We have spent all of our time in the quantum theory dealing with the three physical quantities of position, momentum, and energy, but there is one other that we studied at length in classical mechanics that has barely been mentioned so far – angular momentum. This is quite an omission, given that it, along with linear momentum and energy, satisfies a very useful conservation principle under the proper conditions. This apparent oversight is even more striking given that Planck's constant, the most fundamental of all physical constants in the realm of quantum mechanics, has units of angular momentum! But avoidance of angular momentum was not an oversight, it just took a lot of background to be able to handle it, and the time is now finally right.

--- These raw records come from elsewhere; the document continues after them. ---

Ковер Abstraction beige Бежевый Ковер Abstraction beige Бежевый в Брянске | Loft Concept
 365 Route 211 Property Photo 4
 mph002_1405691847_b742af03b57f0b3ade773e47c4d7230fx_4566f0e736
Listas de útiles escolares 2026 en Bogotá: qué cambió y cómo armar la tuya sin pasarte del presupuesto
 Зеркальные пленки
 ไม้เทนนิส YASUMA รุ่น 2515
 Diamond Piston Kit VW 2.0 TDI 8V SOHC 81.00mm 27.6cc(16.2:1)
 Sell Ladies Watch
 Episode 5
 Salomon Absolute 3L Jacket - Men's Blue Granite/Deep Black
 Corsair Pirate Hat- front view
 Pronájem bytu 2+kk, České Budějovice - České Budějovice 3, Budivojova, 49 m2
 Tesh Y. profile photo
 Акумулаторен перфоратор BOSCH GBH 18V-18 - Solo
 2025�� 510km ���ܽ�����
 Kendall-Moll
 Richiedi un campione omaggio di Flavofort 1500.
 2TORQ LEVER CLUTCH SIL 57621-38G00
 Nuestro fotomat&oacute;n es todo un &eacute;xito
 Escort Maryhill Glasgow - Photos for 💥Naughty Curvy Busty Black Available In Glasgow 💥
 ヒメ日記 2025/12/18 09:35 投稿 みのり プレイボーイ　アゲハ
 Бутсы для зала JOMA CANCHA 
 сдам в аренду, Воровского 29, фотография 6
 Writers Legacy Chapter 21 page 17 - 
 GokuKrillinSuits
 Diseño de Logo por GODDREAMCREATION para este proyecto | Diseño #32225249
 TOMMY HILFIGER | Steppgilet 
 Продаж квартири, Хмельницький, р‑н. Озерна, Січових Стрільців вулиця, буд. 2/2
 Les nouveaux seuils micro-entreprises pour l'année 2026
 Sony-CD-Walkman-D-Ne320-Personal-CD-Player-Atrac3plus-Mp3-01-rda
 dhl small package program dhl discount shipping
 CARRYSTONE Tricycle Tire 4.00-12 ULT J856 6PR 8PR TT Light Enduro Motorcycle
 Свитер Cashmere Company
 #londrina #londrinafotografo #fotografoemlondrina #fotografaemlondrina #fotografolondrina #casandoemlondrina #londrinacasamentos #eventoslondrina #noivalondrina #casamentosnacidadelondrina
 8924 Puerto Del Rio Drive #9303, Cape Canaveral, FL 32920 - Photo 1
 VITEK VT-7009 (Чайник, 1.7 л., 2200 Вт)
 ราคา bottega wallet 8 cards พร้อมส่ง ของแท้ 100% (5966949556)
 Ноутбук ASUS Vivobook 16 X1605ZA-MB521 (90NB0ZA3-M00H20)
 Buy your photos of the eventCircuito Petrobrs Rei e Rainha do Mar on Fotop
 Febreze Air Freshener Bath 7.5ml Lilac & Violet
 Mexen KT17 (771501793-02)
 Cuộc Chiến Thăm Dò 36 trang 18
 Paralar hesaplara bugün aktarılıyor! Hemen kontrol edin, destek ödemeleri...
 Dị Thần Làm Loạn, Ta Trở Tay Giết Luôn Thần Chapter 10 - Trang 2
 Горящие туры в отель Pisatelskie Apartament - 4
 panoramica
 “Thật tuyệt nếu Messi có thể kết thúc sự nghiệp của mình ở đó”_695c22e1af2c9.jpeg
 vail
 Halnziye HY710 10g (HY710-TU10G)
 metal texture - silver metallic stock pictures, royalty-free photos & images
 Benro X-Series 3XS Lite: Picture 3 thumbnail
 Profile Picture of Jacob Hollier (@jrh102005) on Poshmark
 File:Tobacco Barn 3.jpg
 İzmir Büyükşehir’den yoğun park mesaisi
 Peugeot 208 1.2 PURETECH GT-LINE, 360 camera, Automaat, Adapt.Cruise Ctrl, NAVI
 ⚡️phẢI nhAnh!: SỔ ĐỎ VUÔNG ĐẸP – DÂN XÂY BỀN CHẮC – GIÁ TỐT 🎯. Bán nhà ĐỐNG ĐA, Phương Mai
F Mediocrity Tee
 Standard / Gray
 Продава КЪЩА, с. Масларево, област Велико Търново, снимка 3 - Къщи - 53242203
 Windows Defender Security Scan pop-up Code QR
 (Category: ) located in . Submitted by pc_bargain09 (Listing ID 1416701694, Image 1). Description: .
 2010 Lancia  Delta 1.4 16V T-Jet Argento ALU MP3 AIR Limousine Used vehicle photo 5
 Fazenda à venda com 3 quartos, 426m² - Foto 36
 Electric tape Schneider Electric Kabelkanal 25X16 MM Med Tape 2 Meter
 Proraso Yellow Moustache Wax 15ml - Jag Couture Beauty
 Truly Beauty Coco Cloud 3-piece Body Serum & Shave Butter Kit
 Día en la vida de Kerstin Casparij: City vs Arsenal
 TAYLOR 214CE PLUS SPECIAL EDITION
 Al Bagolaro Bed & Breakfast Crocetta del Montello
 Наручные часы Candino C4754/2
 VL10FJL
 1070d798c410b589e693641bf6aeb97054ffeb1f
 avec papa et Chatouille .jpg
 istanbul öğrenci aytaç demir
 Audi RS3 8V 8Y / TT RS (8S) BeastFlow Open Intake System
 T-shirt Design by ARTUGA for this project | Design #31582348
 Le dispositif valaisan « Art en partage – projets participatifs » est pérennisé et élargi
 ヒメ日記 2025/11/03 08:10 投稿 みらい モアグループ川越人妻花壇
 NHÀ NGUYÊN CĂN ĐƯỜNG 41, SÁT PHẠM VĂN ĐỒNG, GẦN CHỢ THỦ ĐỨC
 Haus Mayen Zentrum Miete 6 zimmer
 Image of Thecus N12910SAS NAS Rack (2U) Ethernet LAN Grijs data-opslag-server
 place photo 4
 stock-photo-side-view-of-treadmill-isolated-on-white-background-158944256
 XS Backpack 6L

Digression: Types of Vectors

*Since Physics 9HA, we have treated it as though it is a vector. After all, it does have magnitude and direction, right? Well, yes on the magnitude, but we actually defined its direction ourselves with the right-hand-rule – if the majority of humanity had been left-handed, we might have defined it direction as exactly the opposite. It doesn't have a "natural" direction like velocity and momentum does. In fact, angular momentum is an example of a mathematical quantity known as an **axial vector**, or a pseudovector ("regular" vectors like momentum and velocity are referred to as **polar vectors**). What distinguishes axial vectors from polar vectors mathematically is how they transform when the coordinate system defining their components is reflected about the origin (\(x\rightarrow -x~,~~y\rightarrow -y~,~~z\rightarrow -z\)). Clearly polar vectors will change sign under such a transformation (all of their components flip sign), but see what happens to angular momentum:*

*\[\left.\begin{array}{l} x\rightarrow -x \\ y\rightarrow -y \\ z\rightarrow -z \end{array}\right\} ~~\rightarrow~~\vec L=\vec r\times\vec p= \left(-\vec r\right)\times\left(-\vec p\right)=+\vec L\]*

## Building an Angular Momentum Operator

We know from the very origins of our work in quantum mechanics that all physically-observable quantities have quantum-mechanical operators associated with them. We also determined that the operators we needed could be built from a couple of fundamental ones. For example, we built the kinetic energy operator from the momentum operators for each of the three directions:

\[\widehat{KE}\equiv\frac{1}{2m}\left(\widehat p_x^2+\widehat p_y^2+\widehat p_z^2+\right)=-\frac{\hbar^2}{2m}\left(\frac{\partial^2}{\partial x^2}+\frac{\partial^2}{\partial y^2}+\frac{\partial^2}{\partial z^2}\right)\]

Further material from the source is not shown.